Thursday, July 19, 2012

Portraits From Memory, "Chapter" Twenty-Seven

“How I Write,” pages 210-214

When young, Russell loosely modeled his writing after that of John Stuart Mill, but with the additional goal of a sort of efficiency, the use of the minimum number of words consistent with clarity. At the age of twenty-one, Russell fell under the influence of Logan Pearsall Smith (who, like Mill, was (later) a relative of sorts). Pearsall Smith venerated style over substance, and invoked odd rules such as prodigious comma use and employing the word “and” only at the start of a sentence. Pearsall Smith also emphasized one more commonplace piece of wisdom, that of improving writing via rewriting. Russell’s attempts to abide by the rewriting precept (for style, not substance) brought a perverse result, weaker second drafts. But the experiment gave Russell the evidence he needed to save time in the future by eschewing rewriting.

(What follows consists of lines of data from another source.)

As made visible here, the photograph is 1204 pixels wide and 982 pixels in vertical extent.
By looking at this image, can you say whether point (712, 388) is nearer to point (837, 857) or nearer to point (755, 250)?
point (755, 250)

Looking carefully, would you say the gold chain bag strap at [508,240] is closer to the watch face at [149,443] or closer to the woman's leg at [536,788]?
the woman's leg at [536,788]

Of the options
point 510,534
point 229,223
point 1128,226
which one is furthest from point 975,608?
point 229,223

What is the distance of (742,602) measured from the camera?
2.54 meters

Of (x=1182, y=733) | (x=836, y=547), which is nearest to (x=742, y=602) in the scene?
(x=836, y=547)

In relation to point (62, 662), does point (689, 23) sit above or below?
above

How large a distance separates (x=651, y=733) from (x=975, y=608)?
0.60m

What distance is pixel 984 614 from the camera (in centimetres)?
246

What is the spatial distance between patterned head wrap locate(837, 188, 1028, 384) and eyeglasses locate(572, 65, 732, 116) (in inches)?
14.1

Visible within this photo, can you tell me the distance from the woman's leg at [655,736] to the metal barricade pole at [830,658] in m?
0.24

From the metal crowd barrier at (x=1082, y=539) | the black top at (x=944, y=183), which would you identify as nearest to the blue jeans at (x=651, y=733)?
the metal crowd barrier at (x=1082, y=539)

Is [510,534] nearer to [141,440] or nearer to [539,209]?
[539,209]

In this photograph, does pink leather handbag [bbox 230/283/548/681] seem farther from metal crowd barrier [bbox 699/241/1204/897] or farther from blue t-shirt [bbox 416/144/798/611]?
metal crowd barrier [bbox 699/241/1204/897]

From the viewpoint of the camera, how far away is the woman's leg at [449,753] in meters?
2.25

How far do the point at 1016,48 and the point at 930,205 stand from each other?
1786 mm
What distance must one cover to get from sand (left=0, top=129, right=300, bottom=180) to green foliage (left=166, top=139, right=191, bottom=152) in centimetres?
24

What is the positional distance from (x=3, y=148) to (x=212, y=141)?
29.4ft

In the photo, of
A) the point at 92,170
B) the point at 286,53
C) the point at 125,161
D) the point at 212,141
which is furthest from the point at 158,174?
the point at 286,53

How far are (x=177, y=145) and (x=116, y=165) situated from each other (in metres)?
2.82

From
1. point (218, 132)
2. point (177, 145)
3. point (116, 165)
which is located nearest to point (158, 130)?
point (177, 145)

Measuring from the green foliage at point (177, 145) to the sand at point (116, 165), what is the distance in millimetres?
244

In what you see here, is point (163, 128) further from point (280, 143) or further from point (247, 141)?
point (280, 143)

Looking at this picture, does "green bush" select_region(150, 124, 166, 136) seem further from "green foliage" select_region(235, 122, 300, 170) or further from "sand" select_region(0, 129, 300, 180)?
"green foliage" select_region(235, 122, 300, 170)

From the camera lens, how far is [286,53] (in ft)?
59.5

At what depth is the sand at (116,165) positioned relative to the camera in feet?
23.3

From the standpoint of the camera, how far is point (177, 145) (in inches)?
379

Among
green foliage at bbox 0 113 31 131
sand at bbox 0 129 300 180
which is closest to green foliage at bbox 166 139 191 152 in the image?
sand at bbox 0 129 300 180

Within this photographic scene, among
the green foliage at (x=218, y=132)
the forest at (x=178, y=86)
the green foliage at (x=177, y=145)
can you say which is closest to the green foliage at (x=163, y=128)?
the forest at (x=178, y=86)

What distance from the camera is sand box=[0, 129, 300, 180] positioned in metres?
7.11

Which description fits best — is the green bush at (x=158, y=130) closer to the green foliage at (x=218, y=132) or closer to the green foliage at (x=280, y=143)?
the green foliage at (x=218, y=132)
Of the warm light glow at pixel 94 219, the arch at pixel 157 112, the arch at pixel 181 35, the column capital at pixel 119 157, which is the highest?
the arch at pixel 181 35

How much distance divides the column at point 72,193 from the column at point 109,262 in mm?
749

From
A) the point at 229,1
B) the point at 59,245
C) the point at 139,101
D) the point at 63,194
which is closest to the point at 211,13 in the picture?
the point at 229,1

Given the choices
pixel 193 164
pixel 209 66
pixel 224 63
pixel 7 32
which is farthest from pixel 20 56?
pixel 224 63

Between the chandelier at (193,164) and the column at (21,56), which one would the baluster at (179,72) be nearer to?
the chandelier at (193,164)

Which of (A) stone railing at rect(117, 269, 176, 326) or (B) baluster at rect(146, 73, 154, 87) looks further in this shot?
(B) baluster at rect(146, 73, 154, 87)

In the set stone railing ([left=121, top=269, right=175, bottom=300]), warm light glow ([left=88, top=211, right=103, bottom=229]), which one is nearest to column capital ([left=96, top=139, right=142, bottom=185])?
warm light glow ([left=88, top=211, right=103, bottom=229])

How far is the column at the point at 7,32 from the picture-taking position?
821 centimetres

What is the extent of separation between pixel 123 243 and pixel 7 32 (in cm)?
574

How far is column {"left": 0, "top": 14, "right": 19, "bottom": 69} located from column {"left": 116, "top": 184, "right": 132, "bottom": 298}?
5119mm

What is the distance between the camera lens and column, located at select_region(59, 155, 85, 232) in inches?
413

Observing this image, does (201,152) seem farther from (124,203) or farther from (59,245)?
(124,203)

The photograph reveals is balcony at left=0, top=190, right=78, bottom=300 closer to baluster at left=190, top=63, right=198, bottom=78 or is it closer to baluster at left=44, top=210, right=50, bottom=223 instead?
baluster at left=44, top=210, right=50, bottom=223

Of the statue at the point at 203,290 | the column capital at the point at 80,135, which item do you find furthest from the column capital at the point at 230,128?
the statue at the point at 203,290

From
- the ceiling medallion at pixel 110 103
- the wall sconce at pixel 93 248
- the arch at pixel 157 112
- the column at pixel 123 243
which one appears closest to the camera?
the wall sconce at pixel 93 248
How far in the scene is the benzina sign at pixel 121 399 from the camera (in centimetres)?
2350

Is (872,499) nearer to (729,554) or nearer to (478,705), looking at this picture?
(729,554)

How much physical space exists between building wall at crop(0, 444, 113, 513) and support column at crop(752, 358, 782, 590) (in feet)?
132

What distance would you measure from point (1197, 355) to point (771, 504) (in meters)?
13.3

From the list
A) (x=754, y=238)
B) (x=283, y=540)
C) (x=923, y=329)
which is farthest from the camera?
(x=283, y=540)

Russell used to suffer from anxiety when contemplating a serious piece of writing, and he would make many frustrating, false starts. He overcame this problem by first thinking about a problem, sorting it out – and then taking time off: “…I needed a period of subconscious incubation which could not be hurried and was if anything impeded by deliberate thinking [p. 211].” Generally his subconscious would produce resolutions of the problems that remained, and the book would quickly appear, Athena-like. This process played out for his 1914 lectures and book Our Knowledge of the External World, where the resolution only coalesced in the moment he began to dictate, seamlessly, the material to a stenographer. [Russell also described his practice of waiting and letting inspiration come of its own accord in Chapter 5 of The Conquest of Happiness.] Though the resulting work was far from perfect, it would not have been improved at the time by further effort at composition.

Russell went through a more florid phase in his writing, associated with the time of producing "A Free Man’s Worship," “a work of which I do not now think well [p. 212].” The intentional imitation of Milton at that time was a mistake, as is all effort at imitation. Russell repeats his point from the previous chapter, that successful style involves a personal element that conscious imitation undermines. But reading good writers, without imitating them, can lend pleasing rhythm to prose.

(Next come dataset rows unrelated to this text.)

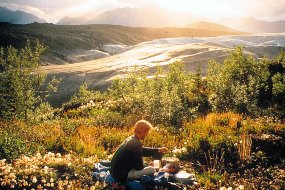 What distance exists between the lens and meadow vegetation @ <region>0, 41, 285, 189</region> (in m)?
8.27

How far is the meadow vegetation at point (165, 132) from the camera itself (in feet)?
27.1

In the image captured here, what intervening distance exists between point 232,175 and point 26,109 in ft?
36.5

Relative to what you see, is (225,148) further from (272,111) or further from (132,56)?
(132,56)

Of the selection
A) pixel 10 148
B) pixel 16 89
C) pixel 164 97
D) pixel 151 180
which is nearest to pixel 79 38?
pixel 16 89

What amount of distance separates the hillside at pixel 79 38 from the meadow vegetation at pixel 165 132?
41.4m

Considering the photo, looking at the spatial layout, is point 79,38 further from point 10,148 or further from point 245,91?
point 10,148

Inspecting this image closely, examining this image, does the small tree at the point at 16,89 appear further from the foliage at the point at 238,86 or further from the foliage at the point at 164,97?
the foliage at the point at 238,86

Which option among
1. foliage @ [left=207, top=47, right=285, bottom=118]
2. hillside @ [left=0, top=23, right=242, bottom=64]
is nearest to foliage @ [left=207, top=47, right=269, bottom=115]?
foliage @ [left=207, top=47, right=285, bottom=118]

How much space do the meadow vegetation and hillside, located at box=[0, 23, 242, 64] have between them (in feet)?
136

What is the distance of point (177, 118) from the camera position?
14.6m

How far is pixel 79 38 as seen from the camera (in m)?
112

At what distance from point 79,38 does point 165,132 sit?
10307 centimetres

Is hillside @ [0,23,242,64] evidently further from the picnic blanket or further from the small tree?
the picnic blanket

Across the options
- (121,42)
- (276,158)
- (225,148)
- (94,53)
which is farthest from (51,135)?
(121,42) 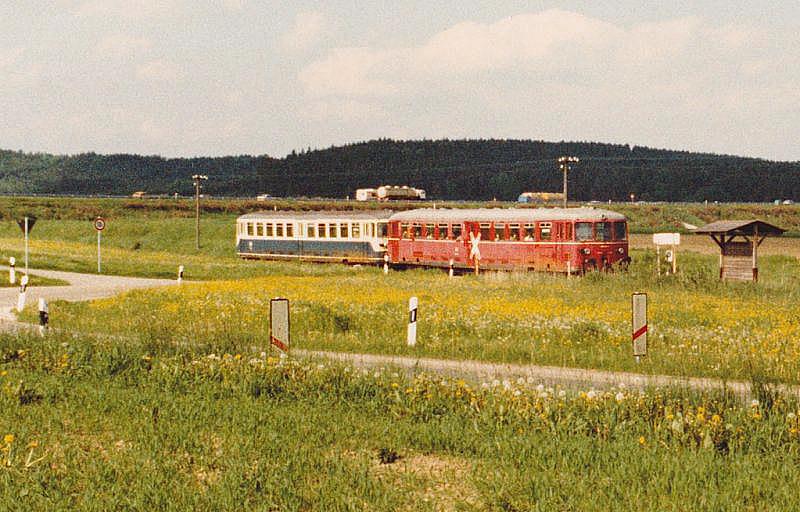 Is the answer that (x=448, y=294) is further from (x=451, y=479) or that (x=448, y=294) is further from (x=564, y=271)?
(x=451, y=479)

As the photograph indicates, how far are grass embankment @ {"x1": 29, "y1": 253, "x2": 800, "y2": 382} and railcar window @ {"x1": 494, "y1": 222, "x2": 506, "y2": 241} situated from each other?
18.4 feet

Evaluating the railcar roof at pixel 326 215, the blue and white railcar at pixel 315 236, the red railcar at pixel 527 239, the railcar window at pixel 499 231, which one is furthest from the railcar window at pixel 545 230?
the railcar roof at pixel 326 215

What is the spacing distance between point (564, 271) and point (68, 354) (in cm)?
2549

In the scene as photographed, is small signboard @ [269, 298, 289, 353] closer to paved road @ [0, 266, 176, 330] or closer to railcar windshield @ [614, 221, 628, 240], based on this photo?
paved road @ [0, 266, 176, 330]

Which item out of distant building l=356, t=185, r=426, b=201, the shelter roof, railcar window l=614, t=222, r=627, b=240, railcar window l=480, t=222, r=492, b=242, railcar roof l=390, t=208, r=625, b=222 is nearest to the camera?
the shelter roof

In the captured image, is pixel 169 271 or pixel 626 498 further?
pixel 169 271

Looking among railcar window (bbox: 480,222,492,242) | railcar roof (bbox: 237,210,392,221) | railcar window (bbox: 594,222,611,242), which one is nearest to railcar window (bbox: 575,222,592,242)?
railcar window (bbox: 594,222,611,242)

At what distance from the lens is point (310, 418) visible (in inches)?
362

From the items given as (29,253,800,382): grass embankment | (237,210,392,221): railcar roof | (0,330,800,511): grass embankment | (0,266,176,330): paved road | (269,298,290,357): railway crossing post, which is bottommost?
(0,266,176,330): paved road

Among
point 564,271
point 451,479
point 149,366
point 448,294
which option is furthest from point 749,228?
point 451,479

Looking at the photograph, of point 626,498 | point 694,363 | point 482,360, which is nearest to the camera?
point 626,498

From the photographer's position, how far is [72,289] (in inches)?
1267

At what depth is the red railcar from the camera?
35.7 meters

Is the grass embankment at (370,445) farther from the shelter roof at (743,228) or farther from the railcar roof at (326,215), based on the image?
the railcar roof at (326,215) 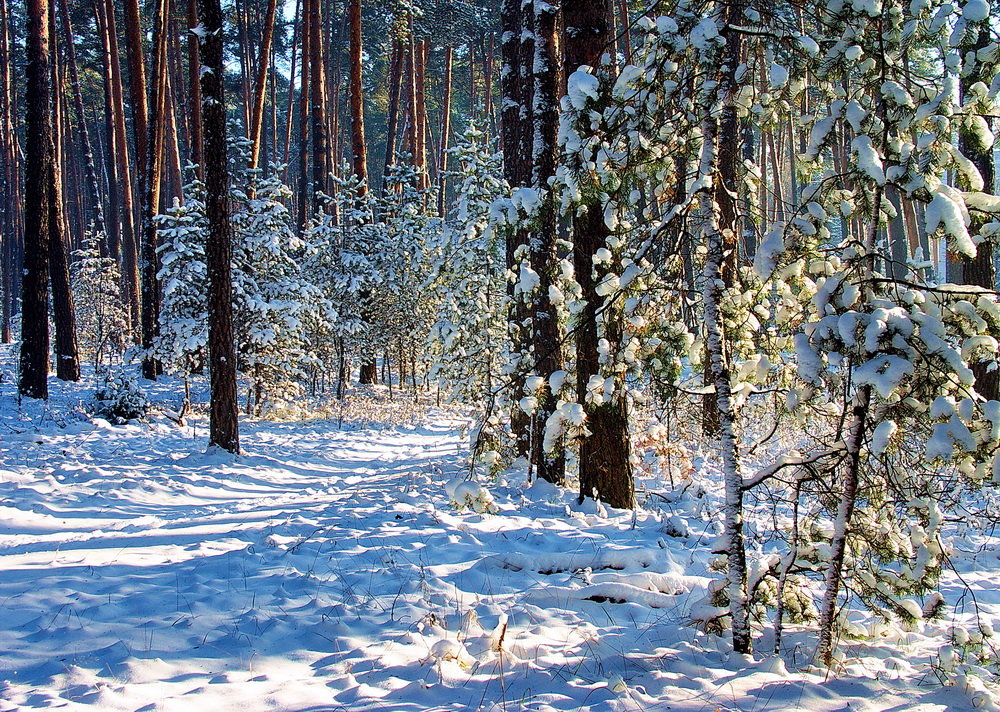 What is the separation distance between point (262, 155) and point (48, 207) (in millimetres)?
35065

Russell offers a few pieces of advice for writers: Prefer short words to long words; avoid run-on sentences; and, don’t use scientific-sounding terminology that muddles what it should clarify. Or rather, if you are a professor, go ahead and employ academic parlance for your first publication. You then will have established your bona fides, like Russell did, and henceforth you will have license to write in an understandable manner.